Now, during our last session, we also looked at some of the monitoring tools that we can use and there’s some additional ones out there that we didn’t mention, things like the logs and the message utilities and so forth. But we did look at performance monitoring some of the command utilities and we didn’t even scratch the surface of how many utilities and tools there are to actually monitor performance on the system. Now, what are some of the things we typically need to do to solve performance issues and performance problems?
Well, one of the big things you can do is upgrade your hardware. If you’re using a laptop, it’s probably difficult to do that. But if you’ve got a full desktop station, that might be easy to upgrade. Things like your Ram and your disk drive and your network card in order to replace the CPU you’d probably have to replace the motherboard. So that might get a little expensive. If you’re using a server class system, then you definitely want to buy the biggest bang for your buck that you can afford and get the good hardware out the first time.
Because you’re not going to buy low end, cheap hardware and then try to run an enterprise on it. That just won’t work. The other thing you can do is replace faulty hardware and you can tell when you have faulty hardware because things just won’t work right. Your disk may thrash too much, maybe your network card will chatter or the throughput will be very low. So you may look at replacing some of that faulty hardware. Typically if Ram goes bad, you’ll know it because of beep codes when the system boots up, or the operating system may not even load because Solaris Eleven actually requires a little bit of memory right off the bat, requires typically at least a gig and a half of Ram. So if a Ram stick goes bad, you’ll typically know it because the OS won’t load.
Now the CPU, if it goes bad, typically you won’t even get a computer that boots. So if any of those things happen, you’ll typically know it and you’ll be able to replace the faulty hardware in most cases, although in the case of CPU it you might wind up replacing a motherboard as well. Now the other things you can do with software issues, you can kill processes or at least change their priorities so they’re not using high priority resources. Things like memory and CPU, they’re not running at a high priority on those. You can also update applications. Sometimes there are issues with applications that cause them not to perform well and updating them with a patch or a fix may solve the problem. So you may look at that if a particular application is causing issues. The best way to tackle this, though, is to monitor your resource usage, look at what your system is using, and if we actually, I’ll take a look again at Performance Monitor here for you in a moment.
And you can use that as a baseline to kind of watch where your system is doing and we start seeing issues happen. That may be when it’s time to start troubleshooting or upgrading or replacing hardware. Let’s take a look at Performance Monitor really quickly. I’ve already got System monitor open and what you can see again, we’ve seen this before a little bit. CPU history, memory and swap history and network history. Those are three things that really affect the four items I mentioned the CPU, the memory and disk, and the network. If you see consistent high usage on the CPU history, and typically that’s like above 40% consistently, then there’s things that you have to look at.
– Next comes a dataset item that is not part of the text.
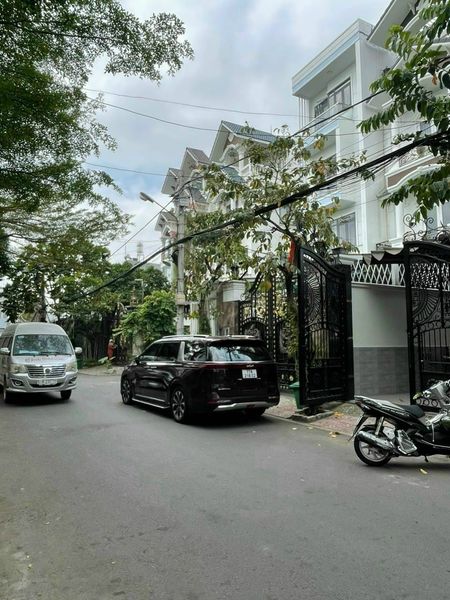 Bán 2 căn nhà liền kề Mặt Tiền ĐS8 chỉ 13,5ty/2 căn Khu vip HBP Thủ Đức .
If your CPU is consistently above the 40% usage, then you might want to take a look at upgrading and replacing it sometimes that’s difficult to do without replacing the motherboard. Memory is easy to add, and if you see your swap history increase, you might want to look at adding memory. So it causes that swap history to decrease with networks. If you see a lot of high utilization on the network card, or it’s high use but it’s erratic, you might need a new network card or a faster one if it’s an older card. So monitoring your system is probably the best way to head off performance issues for those big hardware items. Those four big items we spoke of you.
8. Monitor System Logs
Now, in addition to some of the other tools we’ve talked about that will help you monitor performance, troubleshoot performance issues, manage processes, and troubleshoot process issues, we also have another tool that’s extremely valuable to us, and it may be the most valuable tool of all, and those are the system logs. Now, the system logs give you a lot of indepth information, information, probably more information than you could possibly use. And sometimes they can be a little bit unwieldy. But they will tell you every single thing that has happened, almost has ever happened with your system. Performance monitoring tools may tell you what’s going on at the moment, but everything may be fine at the moment. You may need to know what happened two days ago. So that’s where you have to go back and look at the logs. And Unix and Linux in general have always been extremely good about logging just about everything.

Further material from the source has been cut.